Sur ce cliché d’archives, on peut y reconnaître ; en première de la gauche vers la droite, l’inspecteur des sports, Robert Chevron, entraîneur de la sélection et un des pionniers de l’expérimentation au Togo des compétitions sportives en milieu scolaire, Ayivor Comlanvi Kamalotor ( un portier fort connu à la Modèle et au sein des Diables Rouges devenus Dyto), Têtêvi ( Essor de Lomé), Labitey (Essor de Lomé), Klikan ( Union Sportive du Togo), Charles Ayivi Fandalor ( Modèle de Lomé,il sera connu entraîneur de ladite formation, coach national, celui de l’Entente 2,puis Vice Président de la FTF. A côté de lui, Oscar Komlan Anthony, joueur issu d’une famille de sportifs, ancien défenseur passé par la forêt inaordable, un club de quartier avant d’éclore sous les couleurs de l’Asc Etoile Filante de Lomé, il sera entraîneur avec en prime une finale de la Coupe d’Afrique des clubs champions (actuelle Ligue africaine perdue de haute lutte en 1968 face à la redoutable TP Englebert (Mazembe ) de Lubumbashi de la RDCongo. Père d’Alex Anthony des Aiglons et de l’Etoile Filante de Lomé, Fovi fut entraîneur national du Togo, celui des Aiglons et expert sportif auprès d’autres clubs togolais tels que Doumbe FC de Mango, Semassi de Sokodéquand ils étaient en campagne africaine. A côté de lui, René Florian, alors adjoint de Robert Chevron et plus tard son successeur.
Accroupis de gauche à droite: Amégbleto dit Coup sec (AS PTT) Wilson dit Under Blouse (Modèle). Les trois derniers à savoir Germain Moèvi (Essor), avait habité au quartier Lom-Nava, père de Fabien, Rémy et de Stan Moevi ( un talentueux joueur sous les couleurs de l’Asfosa de Lomé, mais qui n’a pas choisi faire carrière dans le football), il était le frère de Gilbert, sociétaire de légende au sein du FC Bordeaux en France, Djibrill Karimou (Etoile Filante, passé par l’AS Monaco où il fut sociétaire à la même époque qu’un certain Michel Hidalgo, futur sélectionneur de l’équipe de France après le fructueux passage du Roumain Stefan Kovacs. Il évolua également au FC Toulon. Un des rares joueurs togolais à cette époque à soulever la Coupe de France sous le regard ahuri du père de l’actuel Prince de Monaco). Karion comme on l’appelait, reste à ce jour, l’un des rares éléments de cette belle du foot togolais, encore vivant.
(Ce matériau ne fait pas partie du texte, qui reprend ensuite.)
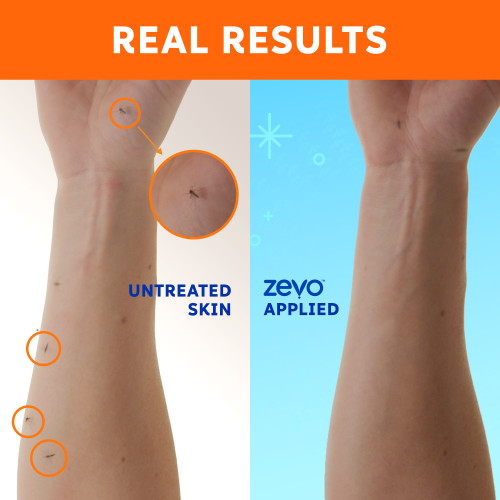 On-Body Mosquito and Tick Repellent Pump Spray (5.9 oz) - Image 2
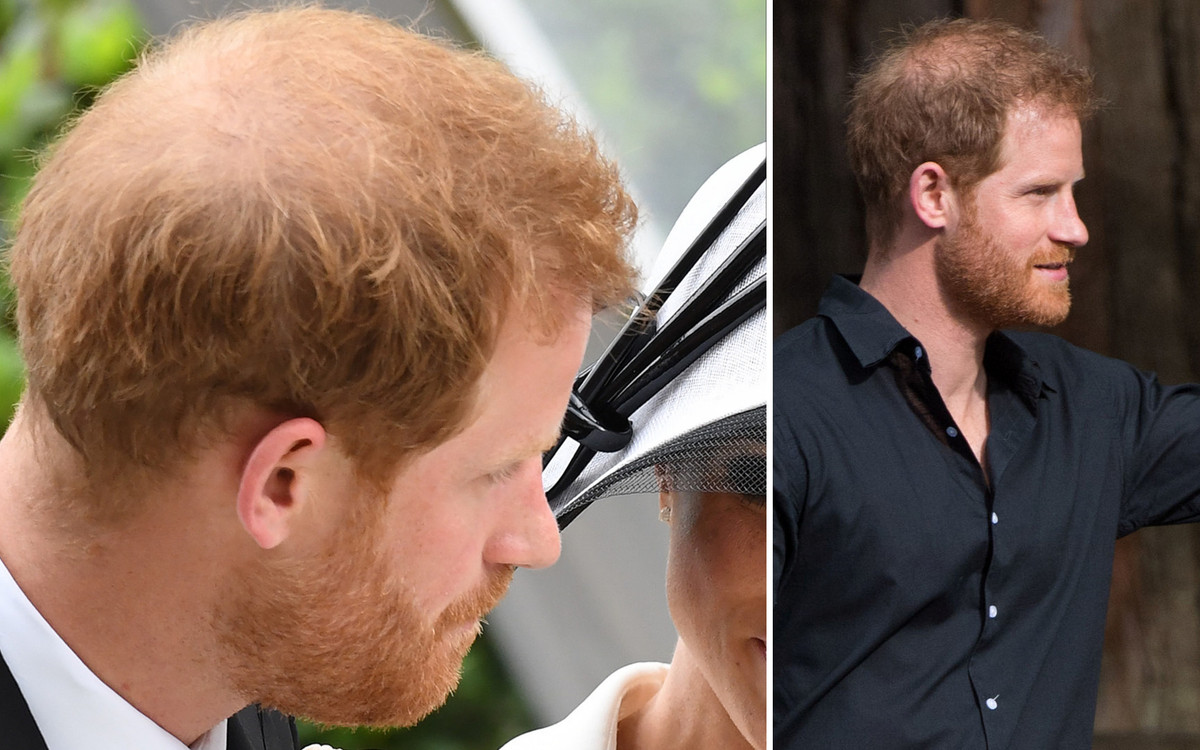 Książę Harry gwałtownie ŁYSIEJE – zobaczcie, jak będzie wyglądał za 2 lata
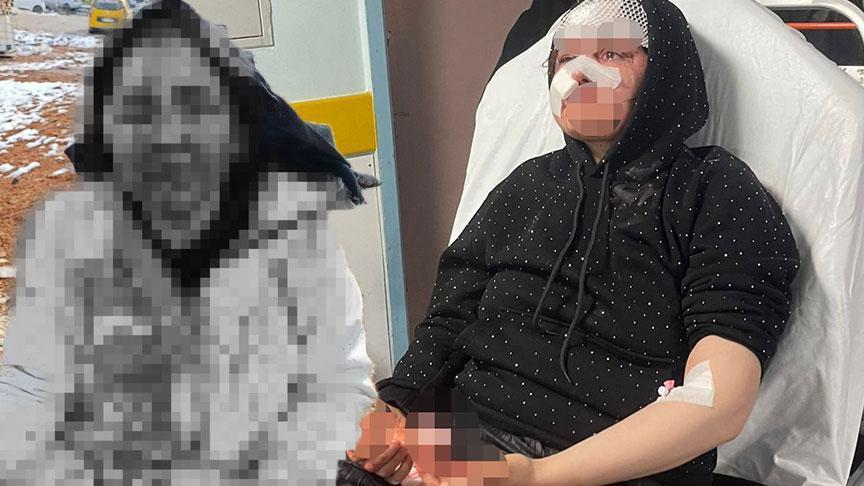 Şiddet Olayında Boşanma Göndermesiyle Gelişen Olayda Şüphelinin Şok Eylemi
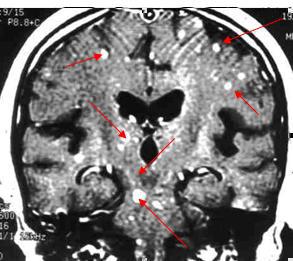 Imagen de resonancia magnética que muestra múltiples metástasis cerebrales (se ven como puntos blancos de diferentes tamaños). Algunas de ellas se muestran con flechas.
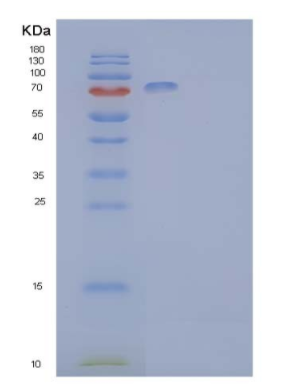 Recombinant Human Ephrin type-B receptor 2 Protein,Recombinant Human Ephrin type-B receptor 2 Protein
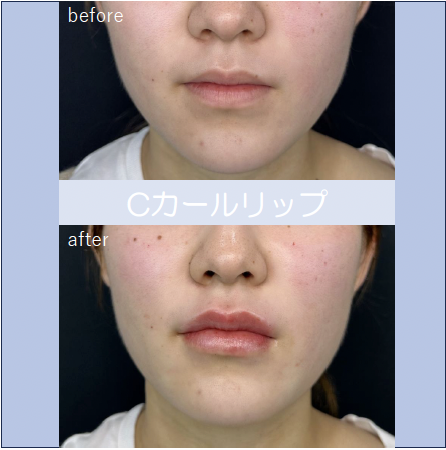 Cカールリップの症例写真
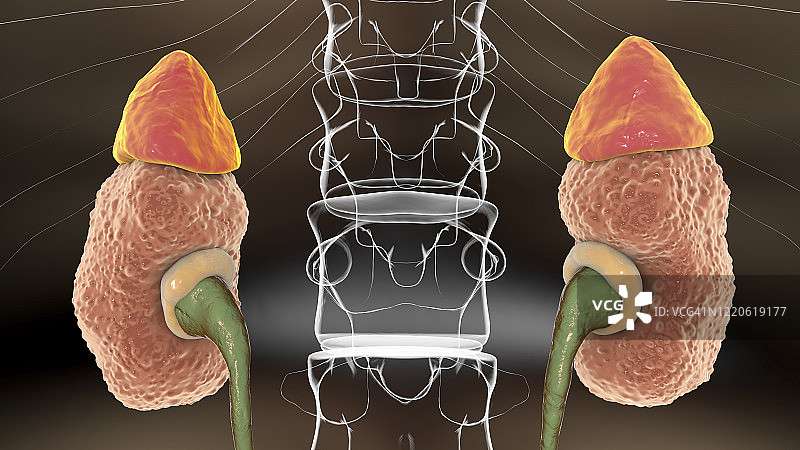 慢性肾脏疾病插图图片素材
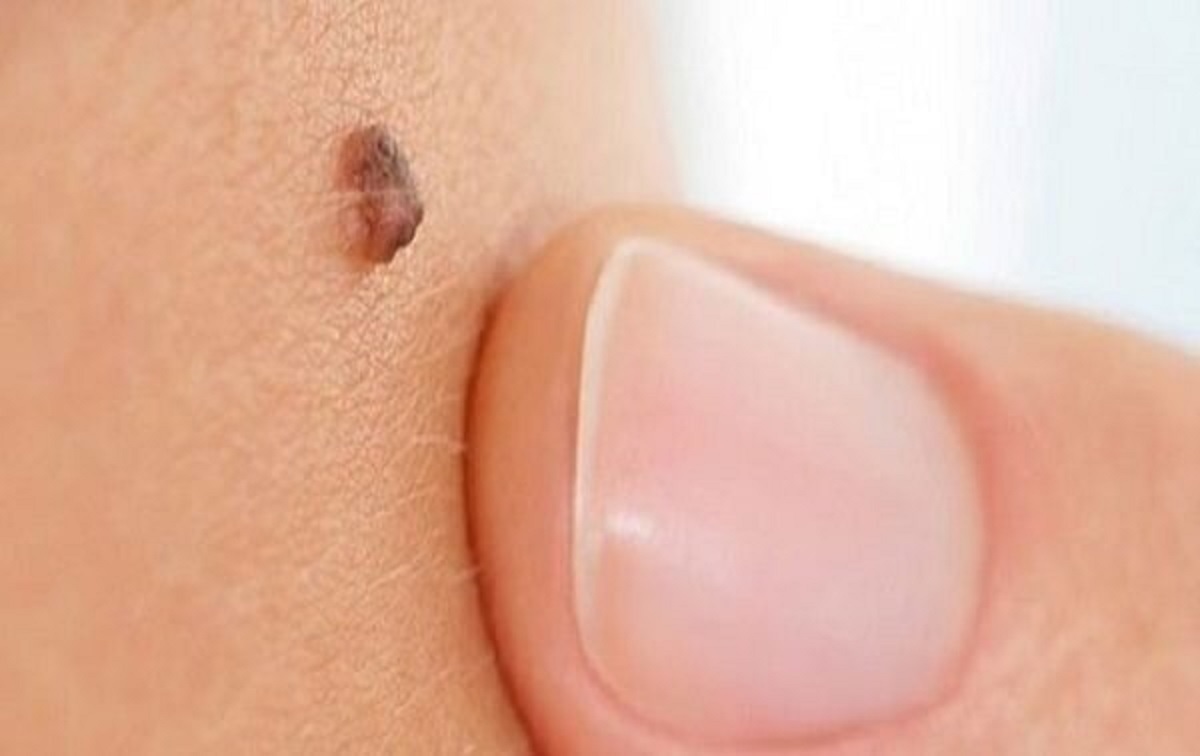 تفاوت خال و زگیل؛ چگونه تشخیص دهیم؟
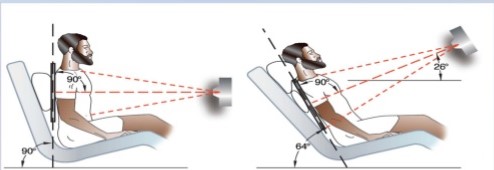 Posicionamiento del paciente con equipo de rayos X portátil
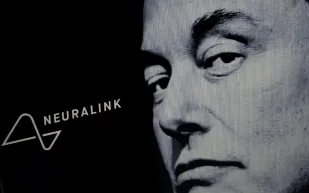 إيلون ماسك يحقق إنجازًا طبيًا بزرع أول شريحة دماغية لاسلكية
Il aura bientôt 84 ans. A côté de lui, Edmond Kossivi Afangbédji (Etoile Filante). Il aurait pu faire une très bonne carrière à l’étranger. Mais pour l’amour voué à sa mère malade à l’époque, ce jour court sur ses jambes, mais un véritable stratège que d’aucuns affirment être le « meilleur joueur togolais », déclina l’offre du club, Stade de France. Cet ancien Agent de la UAC, meurt en 1995 à Lomé.

PS : Une photo publiée par Jonas Dossevi, Expert -Comptable togolais à la retraite à Paris, connu footballeur au poste de stoppeur à Clermont Ferrand avec les frères Chiesa. Il est le frère ainé d’ Otheniel du Psg et de Pierre -Antoine,du FC Tours,et de Dunkerque (le père biologique des Eperviers Thomas et Mathieu).